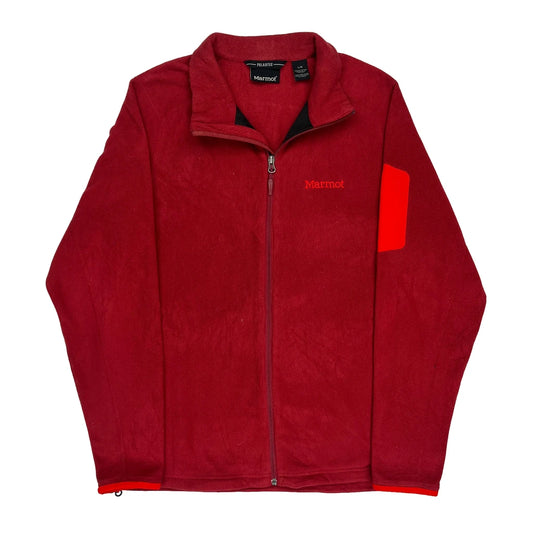 Vintage Marmot Fleece Jacket - Large Red Polyester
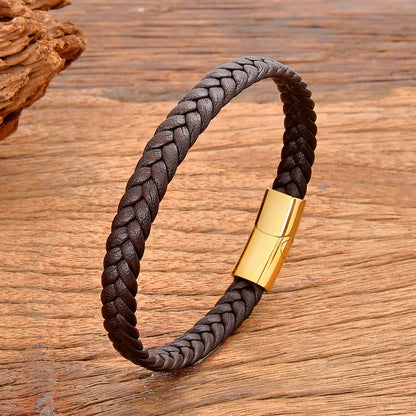 Classic Stainless Steel Leather Bracelet - Braided Couple Bangle Jewelry Gift for Women and Men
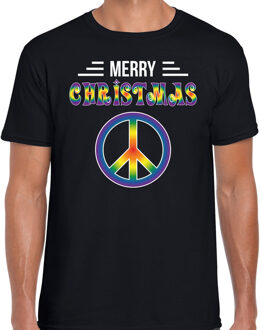 Bellatio Decorations Merry Christmas hippie fout Kerstshirt / t-shirt zwart voor heren 2XL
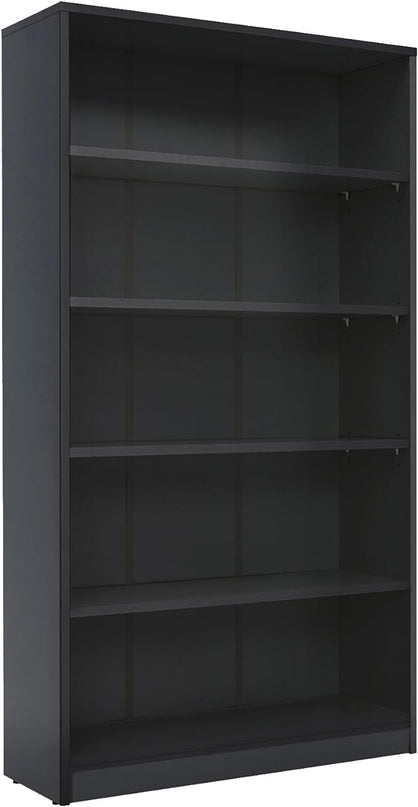 STARY 5 Shelf Black Bookcase 60 inch Tall Wood Bookshelf for Bedroom - LeafyLoom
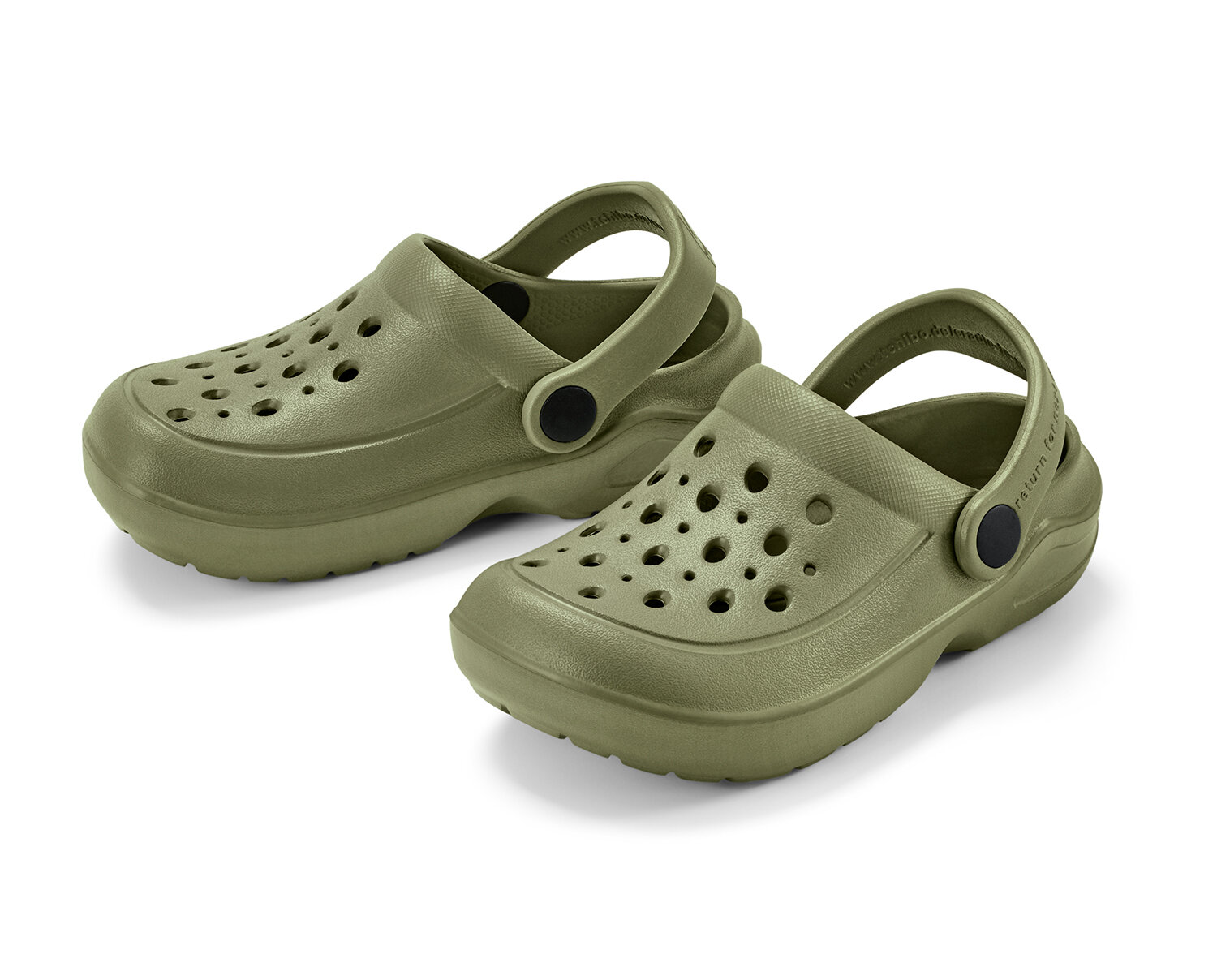 Grüne Gummi-Clogs mit Lochmuster und Fersenriemen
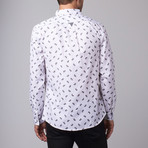 Long-Sleeve Woven Button-Up // White Small Paisley (S)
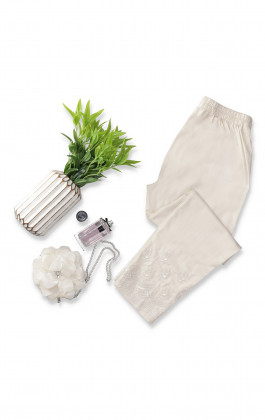 Off White Embroidered Yarn Dyed Straight Pant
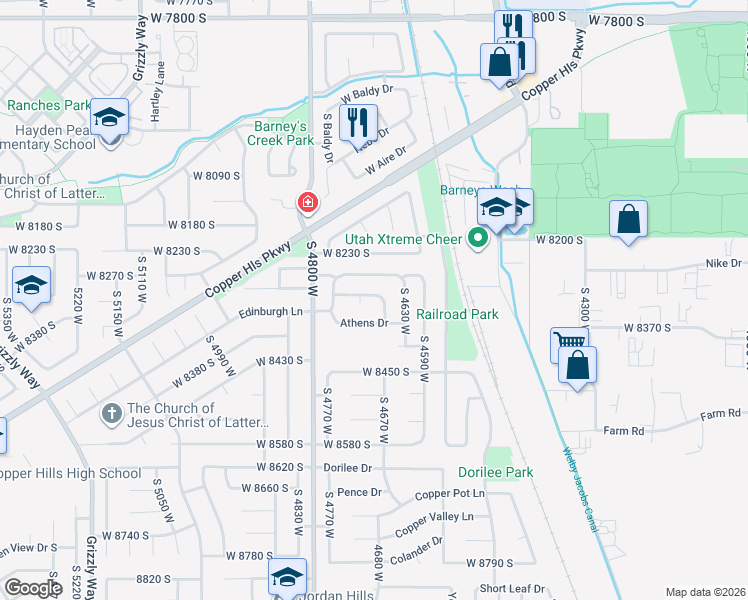 map of restaurants, bars, coffee shops, grocery stores, and more near 4689 Helenic Lane in West Jordan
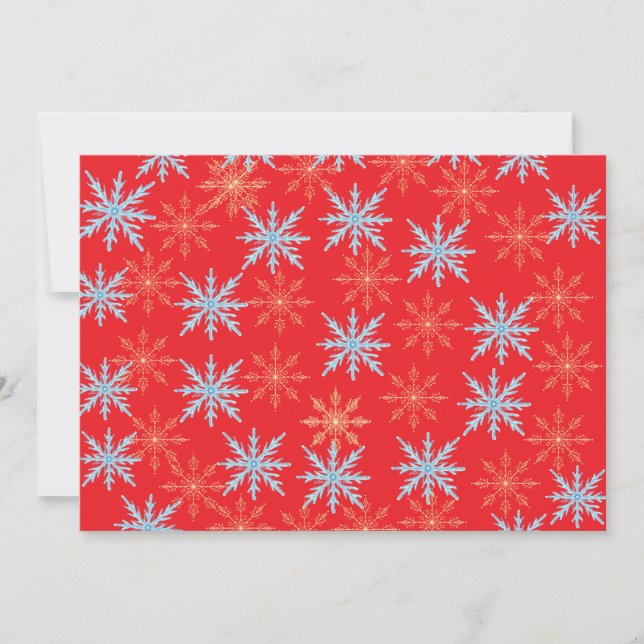 Convite de Festa de Natal com Padrão de Floco de N (Frente)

========================

*EXERCISE INSTRUCTIONS*
Skip the pictures and write out exactly the lines from the line containing "Long-Sleeve Woven Button-Up" through the end of the listing above.

*RESPONSE TO THE TASK*
 Long-Sleeve Woven Button-Up // White Small Paisley (S)
 Off White Embroidered Yarn Dyed Straight Pant
 map of restaurants, bars, coffee shops, grocery stores, and more near 4689 Helenic Lane in West Jordan
 Convite de Festa de Natal com Padrão de Floco de N (Frente)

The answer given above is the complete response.